A few days ago, Nettleton Middle School students brought home the following memo, which spells out the requirements for students who want to run for class office and was provided to blogger Suzy Richardson by a parent:
Okay, so obtain 10 signatures from classmates... check. Maintain a B average... check. Have "good disciplinary status and moral character"... okay, I haven't sexted anyone recently, check. White... ch... what? They must mean, like... wears white clothing? Right? Or like... the color... of their lockers? Right? Uh, well, not really.
When one Nettleton mother approached the school board, wondering—among other things, obviously—which "category" her mixed-race kids (Italian and Native American) fell under, she was told the following:
They told me that they "Go by the mother's race b/c with minorities the father isn't generally in the home." They also told me that " a city court order is the reason why it is this way."
Ah. Richardson, who first reported this story on her website MixedandHappy.com, later called the school vice principal, and confirmed that the policy is in place. The Smoking Gun independently received a copy of the same memo but were unable to reach school officials.
It's still unclear what the reasoning behind the rules is—some kind of utterly misguided attempt at affirmative action, so that the student government won't end up entirely white (the school is around 72 percent white, according to The Smoking Gun)? Plain old racism? Hilarious satire?
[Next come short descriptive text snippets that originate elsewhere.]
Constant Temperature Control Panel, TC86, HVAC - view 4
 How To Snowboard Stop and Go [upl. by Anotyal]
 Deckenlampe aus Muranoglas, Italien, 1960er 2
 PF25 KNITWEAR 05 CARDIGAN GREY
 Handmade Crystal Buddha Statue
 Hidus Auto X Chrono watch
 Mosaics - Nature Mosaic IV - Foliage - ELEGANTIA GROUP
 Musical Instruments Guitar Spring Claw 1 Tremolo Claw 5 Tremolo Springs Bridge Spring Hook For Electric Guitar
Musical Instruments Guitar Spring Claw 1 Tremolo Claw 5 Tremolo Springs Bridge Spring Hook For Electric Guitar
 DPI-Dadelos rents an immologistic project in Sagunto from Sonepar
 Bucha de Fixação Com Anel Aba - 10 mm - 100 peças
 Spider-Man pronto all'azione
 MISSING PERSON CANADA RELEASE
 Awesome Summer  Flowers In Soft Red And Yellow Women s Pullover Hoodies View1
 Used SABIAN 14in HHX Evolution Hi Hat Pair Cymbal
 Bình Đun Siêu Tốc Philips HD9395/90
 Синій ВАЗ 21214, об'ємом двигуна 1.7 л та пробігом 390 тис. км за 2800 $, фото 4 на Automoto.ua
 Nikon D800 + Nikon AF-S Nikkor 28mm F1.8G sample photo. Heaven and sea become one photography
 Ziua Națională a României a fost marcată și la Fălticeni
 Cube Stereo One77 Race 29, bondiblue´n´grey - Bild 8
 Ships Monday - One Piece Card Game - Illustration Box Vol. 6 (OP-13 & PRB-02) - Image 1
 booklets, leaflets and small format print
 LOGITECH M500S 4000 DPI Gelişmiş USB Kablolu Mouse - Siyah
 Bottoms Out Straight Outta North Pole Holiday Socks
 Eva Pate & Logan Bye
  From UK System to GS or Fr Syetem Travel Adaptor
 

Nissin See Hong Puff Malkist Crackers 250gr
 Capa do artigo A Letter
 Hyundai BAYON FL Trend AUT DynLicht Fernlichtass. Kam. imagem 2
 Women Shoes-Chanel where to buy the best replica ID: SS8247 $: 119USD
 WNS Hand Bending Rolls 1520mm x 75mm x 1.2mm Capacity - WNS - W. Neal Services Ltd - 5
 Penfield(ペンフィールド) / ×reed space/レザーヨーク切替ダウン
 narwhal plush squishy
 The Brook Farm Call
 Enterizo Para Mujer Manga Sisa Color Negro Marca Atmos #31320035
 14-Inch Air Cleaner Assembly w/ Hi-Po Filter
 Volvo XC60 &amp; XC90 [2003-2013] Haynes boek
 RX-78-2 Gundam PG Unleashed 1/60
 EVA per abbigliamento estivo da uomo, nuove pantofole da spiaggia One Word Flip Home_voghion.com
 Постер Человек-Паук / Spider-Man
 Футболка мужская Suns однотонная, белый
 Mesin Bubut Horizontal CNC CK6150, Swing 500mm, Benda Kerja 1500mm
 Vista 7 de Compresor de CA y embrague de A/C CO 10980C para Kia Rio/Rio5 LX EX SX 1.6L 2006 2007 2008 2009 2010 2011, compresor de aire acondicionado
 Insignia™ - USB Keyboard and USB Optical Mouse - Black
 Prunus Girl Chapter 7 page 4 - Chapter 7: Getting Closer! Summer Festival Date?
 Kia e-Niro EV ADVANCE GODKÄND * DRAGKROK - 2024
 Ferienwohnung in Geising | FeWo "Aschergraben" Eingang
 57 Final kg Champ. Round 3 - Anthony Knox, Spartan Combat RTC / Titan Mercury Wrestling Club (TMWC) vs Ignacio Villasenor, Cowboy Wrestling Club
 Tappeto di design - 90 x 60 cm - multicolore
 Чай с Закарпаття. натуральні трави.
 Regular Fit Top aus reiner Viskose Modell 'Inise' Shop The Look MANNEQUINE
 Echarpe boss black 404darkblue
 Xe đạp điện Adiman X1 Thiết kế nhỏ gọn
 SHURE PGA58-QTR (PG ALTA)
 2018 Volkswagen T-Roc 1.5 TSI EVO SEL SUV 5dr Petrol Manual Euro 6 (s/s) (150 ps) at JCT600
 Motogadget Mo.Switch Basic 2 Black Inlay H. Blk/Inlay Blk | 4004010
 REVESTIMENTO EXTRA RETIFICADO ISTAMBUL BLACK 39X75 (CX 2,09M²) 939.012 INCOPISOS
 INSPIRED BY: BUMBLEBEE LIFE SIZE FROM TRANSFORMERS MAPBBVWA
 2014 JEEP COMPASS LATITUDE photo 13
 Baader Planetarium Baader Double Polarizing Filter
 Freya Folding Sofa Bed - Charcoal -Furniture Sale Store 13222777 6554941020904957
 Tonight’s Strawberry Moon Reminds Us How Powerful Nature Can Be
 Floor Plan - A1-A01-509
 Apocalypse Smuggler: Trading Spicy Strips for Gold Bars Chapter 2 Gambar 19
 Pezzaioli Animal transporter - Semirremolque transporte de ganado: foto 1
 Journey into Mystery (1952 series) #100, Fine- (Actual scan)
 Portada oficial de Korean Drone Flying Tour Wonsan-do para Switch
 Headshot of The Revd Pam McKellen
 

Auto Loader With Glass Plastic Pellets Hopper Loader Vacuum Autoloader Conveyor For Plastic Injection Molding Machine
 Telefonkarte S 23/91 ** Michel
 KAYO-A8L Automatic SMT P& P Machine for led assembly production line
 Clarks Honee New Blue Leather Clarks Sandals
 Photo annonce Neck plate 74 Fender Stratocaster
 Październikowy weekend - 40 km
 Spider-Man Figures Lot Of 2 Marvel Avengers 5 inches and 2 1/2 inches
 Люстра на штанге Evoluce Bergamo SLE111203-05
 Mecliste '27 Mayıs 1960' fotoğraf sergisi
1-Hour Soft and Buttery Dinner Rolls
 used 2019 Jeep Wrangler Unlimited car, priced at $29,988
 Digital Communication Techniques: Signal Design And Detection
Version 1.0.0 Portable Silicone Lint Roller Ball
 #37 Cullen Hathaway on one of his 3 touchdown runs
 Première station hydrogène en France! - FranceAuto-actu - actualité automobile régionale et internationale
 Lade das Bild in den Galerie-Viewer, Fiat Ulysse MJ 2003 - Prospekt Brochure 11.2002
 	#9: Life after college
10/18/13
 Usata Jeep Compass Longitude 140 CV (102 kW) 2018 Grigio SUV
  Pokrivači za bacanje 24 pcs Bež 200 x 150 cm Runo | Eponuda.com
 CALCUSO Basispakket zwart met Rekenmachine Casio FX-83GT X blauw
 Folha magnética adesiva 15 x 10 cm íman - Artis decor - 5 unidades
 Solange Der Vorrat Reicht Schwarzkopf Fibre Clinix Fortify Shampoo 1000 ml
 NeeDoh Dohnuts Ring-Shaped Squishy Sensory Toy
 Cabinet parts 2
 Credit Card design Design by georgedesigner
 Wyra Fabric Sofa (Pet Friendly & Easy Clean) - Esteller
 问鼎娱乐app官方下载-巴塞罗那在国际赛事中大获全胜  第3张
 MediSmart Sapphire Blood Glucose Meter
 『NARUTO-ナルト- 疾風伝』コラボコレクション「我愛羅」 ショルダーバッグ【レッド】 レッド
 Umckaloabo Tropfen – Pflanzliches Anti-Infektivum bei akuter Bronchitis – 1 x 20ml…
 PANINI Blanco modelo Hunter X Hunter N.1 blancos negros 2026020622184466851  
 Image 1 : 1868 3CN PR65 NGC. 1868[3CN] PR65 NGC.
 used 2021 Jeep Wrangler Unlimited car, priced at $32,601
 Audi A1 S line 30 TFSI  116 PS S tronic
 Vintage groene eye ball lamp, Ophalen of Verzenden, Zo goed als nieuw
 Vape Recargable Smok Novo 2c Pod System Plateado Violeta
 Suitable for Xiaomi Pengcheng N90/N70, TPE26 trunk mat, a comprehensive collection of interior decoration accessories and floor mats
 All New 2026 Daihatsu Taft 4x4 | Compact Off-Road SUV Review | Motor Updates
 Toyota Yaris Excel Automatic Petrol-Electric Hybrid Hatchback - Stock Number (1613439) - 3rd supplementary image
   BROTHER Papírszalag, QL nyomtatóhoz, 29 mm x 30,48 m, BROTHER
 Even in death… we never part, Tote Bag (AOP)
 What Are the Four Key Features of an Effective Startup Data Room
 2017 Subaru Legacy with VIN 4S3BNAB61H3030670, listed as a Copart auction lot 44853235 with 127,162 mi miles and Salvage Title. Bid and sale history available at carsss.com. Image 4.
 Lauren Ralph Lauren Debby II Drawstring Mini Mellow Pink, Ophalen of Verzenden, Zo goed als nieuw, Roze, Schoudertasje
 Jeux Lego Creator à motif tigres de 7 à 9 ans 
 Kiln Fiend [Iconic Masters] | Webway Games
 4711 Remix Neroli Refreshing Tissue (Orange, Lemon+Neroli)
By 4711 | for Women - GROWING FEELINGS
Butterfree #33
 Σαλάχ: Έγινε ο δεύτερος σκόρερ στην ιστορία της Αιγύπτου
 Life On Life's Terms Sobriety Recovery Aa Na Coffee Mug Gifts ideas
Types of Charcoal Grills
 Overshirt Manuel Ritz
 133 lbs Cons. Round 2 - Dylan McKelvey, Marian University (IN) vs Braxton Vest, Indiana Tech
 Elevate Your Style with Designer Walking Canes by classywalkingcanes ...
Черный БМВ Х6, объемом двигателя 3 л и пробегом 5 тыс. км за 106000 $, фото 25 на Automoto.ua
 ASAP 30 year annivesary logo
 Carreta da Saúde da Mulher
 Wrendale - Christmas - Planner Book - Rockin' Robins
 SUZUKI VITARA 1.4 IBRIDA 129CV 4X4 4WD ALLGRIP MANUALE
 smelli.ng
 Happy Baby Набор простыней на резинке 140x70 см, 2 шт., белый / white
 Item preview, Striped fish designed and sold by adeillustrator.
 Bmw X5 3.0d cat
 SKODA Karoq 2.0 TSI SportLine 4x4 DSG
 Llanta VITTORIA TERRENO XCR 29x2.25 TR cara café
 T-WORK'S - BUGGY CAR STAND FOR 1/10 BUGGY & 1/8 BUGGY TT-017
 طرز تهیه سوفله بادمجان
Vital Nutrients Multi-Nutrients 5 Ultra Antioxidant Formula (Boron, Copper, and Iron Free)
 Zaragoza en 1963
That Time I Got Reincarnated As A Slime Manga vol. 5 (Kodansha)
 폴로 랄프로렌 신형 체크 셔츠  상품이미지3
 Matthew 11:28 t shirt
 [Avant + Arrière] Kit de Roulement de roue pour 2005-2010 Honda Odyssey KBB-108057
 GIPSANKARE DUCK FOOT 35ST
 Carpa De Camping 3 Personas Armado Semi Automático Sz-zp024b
Update: Some Mississippians have asked me to point out that two of the four administrators listed on the school website are black, which... could mean a lot of things.
"Student elections have not yet been held at Nettleton Middle School for the 2010-2011 school term. The processes and procedures for student elections are under review. We are reviewing the origin of these processes, historical applications, compliance issues, as well as current implications and ramifications. A statement will be released when review of these processes is complete."
UPDATE: After completing their review, Nettleton Middle School has quashed their segregated student government policy. It was all a misguided attempt at affirmative action, they say, and now it's gone, they said in a press release:
After being notified of a grievance regarding upcoming student elections at Nettleton Middle School, research was conducted that evidenced that the current practices and procedures for student elections have existed for over 30 years. It is the belief of the current administration that these procedures were implemented to help ensure minority representation and involvement in the student body. It is felt the intent of these election procedures was to ensure African-American representation in each student office category through an annual rotation basis.
It is our hope and desire that these practices and procedures are no longer needed to help ensure minority representation and involvement. Furthermore, the Nettleton School District acknowledges and embraces the fact that we are growing in ethnic diversity and that the classifications of Caucasian and African-American no longer reflect our entire student body.
Therefore, beginning immediately, student elections at Nettleton School District will no longer have a classification of ethnicity. It is our intent that each student has equal opportunity to seek election for any student office. Future student elections will be monitored to help ensure that this change in process and procedure does not adversely affect minority representation in student elections.